Cześć,
Jagódko
Trawnik w tym roku też mnie zachwyca. Nie żałuję wcale wysiłku jaki włożyłam w jego odnowę. Widać teraz że decyzja była słuszna. Fakt, że taki widok zawdzięczamy deszczom trochę mnie deprymuje, ale liczę na to, że trawa już się porządnie zakorzeni i w przyszłym roku nawet, jeśli będzie mniej deszczu trawnik da radę przy mojej pomocy.
Czytałam o twoich wykopkach. Ja jestem stała w uczuciach i wybaczam wiele błędów i wad. Czekam jeszcze cierpliwie, jak róże zachowają się w przyszłym roku. Mam kilka typów, które u mnie naprawdę słabo sobie radzą, taki Avalon na przykład
W porównaniu z Twoim to chuchro i na dokładkę łyse. Widać każdy musi znaleźć swoje róże.
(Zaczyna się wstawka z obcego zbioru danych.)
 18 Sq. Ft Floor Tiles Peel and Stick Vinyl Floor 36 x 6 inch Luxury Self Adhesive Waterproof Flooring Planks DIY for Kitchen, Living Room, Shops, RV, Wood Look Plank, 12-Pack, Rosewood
Nie zgodzę się, że deszczu jest akurat. Tak miałam do połowy sierpnia. Potem niestety się rozpadało. Na dokładkę kiedy ja siedzę do wieczora w pracy, licząc na pogodny weekend, ten okazuje się niestety niesprzyjający pracom ogrodowym.
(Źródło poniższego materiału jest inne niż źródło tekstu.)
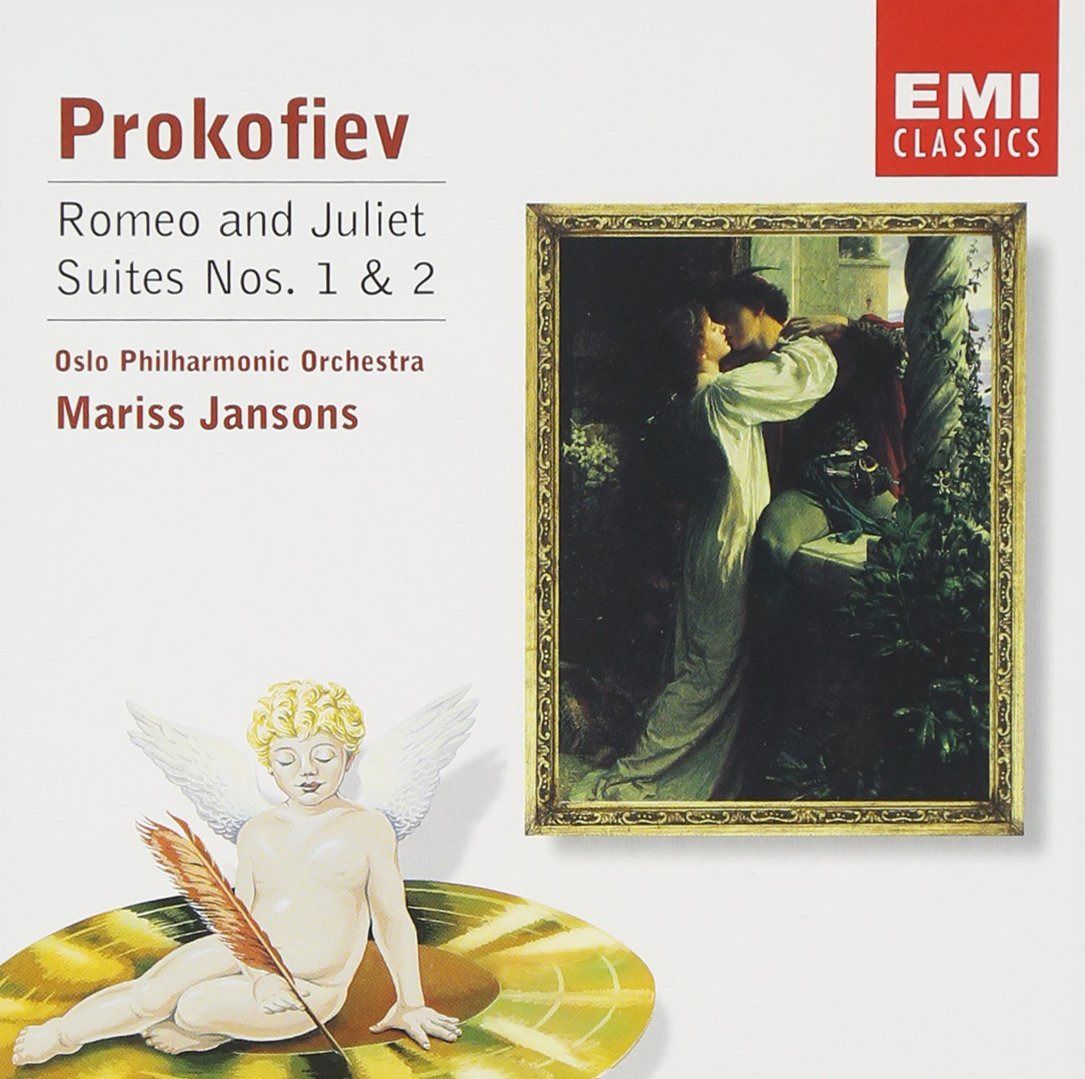 【CD】Prokofiev:Romeo & Juliet Suite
Pytasz czym się odstresowuję oprócz ogrodu? Mam masę przyjaciół, z którymi spotykam się co weekend, oczywiście co weekend z innymi

Poza tym uwielbiam oglądanie Domo i HGTV. Nie mówiąc o książkach, chociaż te ostatnio poszły w odstawkę, bo czytam tylko wieczorami w łóżku, a jestem tak zmęczona, że jestem w stanie przeczytać tylko kilka kartek, w związku z tym jedną książkę czytam już pół roku, fakt, że może mało porywająca
No i forum. Mimo wszystko wirtualne pogawędki z Wami bardzo dobrze poprawiają mi nastrój.
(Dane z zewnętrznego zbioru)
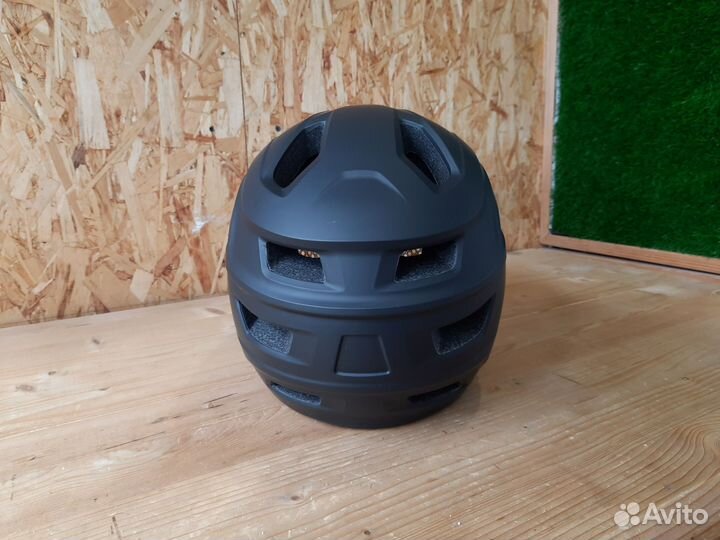 Велошлем взрослый фулфейс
Z pracą niestety ostatnio nie jest najlepiej. Faktycznie przeżywam każdego dnia kiedy mam tam iść, ale tylko wtedy kiedy jest moje szefostwo, bo to ono wprowadziło taką dziką atmosferę.
Całe szczęście jutro ich nie ma, więc idę na luzie. A tyle lat było fantastycznie. Pracuję z rewelacyjnymi ludźmi, spotykamy się raz w miesiącu po pracy. Tylko, że ta atmosfera wpływa tak samo źle na nich. Ogólnie 3/4 załogi ma doła. Niestety nie mamy wpływu na to kto zasiada na górze.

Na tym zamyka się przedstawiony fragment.